俺が笑顔でウインクして(両目をつむってしまい、ウインクにならなかったけど)話を続ける。
「オホン! 近頃、この地の西にはオルバ聖法国が急速に力を付けているとのこと。その聖法国もかつては獣人の国であったと聞きます。人間の力をあまり侮られない方がよろしいかと」
「ハハハ、何を言い出すかと思えば、西のよその国の事か」
「他力本願とはこのことよ」
「いやいや、それを言うなら虎の威を借る狐であろう」
「左様、何もラドニールと結ばずとも、オルバと結べば良いではないか」
「そうかもしれませんね。ところで、オルバとはそのような条約を?」
俺は聞く。
「…………」
皆が一斉に押し黙った。
やっぱり結べていないのね。
人間が反乱を起こした国で新興の革命国家だから、保守的で伝統的な竜人国としては、テロ国家や海賊王国みたいな認識だったのかもしれない。
それに、宗教国の外交官や、その前にやってきたはずの宣教師は、彼ら独特の宗教的な挨拶をするだろうから、竜人族が受け入れるはずも無い。もしも聖法国と同盟を結んでいたなら、こちらも同じ人間族ということで一緒に参加させてくれと頼む事も一応は考えていたけれど。

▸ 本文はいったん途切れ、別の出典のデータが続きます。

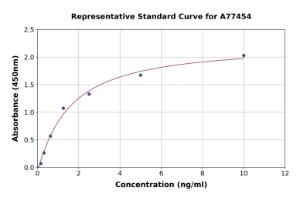 Representative standard curve for Human TRAF6 ELISA kit (A77454)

「ふん、奴らは自分達の神を信じろなどと、いきなり押しつけてきたからな」
「我らが大事にする祖霊石を捨てろなどと、言語道断だ」
「挨拶もろくにできぬ野蛮人だ」
「そうだ! 腹を撫でてお腹が減ったと要求する挨拶など下品というものよ」
「領土を広げたと言っても所詮、人間の国、我らの敵では無い」
「人の神を崇めよなどと!」
バシーン、バシーンと、よほど腹が据えかねたのか、床にシッポを叩きつけてみんな怒ってるし。
「静まれ、客人の前でシッポ叩きなど無礼であろう」
「「「 ははっ 」」」
一人だけ落ち着いている頭領がたしなめ、すぐに収まった。
「勇者ユーヤよ」
「はっ」
「先程の防衛条約の話であるが、これは正式に断らせてもらおう。我らに益は無いからな」
「それは、もし益があれば同意して頂けたと?」
「そうだ」
「お、お館様!」
「お館様! 相手は人族ですぞ!」
「お館様!」
「分かっている! だが今は飢え死にが出るほどの大飢饉、相手が人族であろうとも、我らが生き残るためには手段も選んではおれぬ。組む相手を選り好みしている時では無いのだ。こちらに益があれば組む。

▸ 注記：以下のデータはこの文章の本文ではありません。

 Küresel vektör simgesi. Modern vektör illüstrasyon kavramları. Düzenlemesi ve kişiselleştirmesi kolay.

この決定に従えぬ者はいつでも我の首を取って次の頭領となるがいい。竜人は力こそすべてだ」
そう言った頭領が、カッと見開いた目で皆をじろり睨む。
おっかない。
「うぬう……」
「お館様……」
その場にいた竜人達も首をすくめて畏怖したようで、反対の声はもう上がらなかった。
「では、我らが強さを証明し、皆様に益があるとご判断頂けるその時を待つとしましょう」
俺は静かに言う。
「そのような日が来るとは思えぬが、待つと言うならば好きにするがいい」
言質は取れたかな。
「ははっ」
経済協力の話も持ち出したかったが、それはまた今度で良いだろう。
必要な『仕掛け』――仕込みは済んだ。
一度にたくさん案件を持ち出すと、聞く方も面倒になるし、そもそも俺達は歓迎されている客人などではない。
――今は。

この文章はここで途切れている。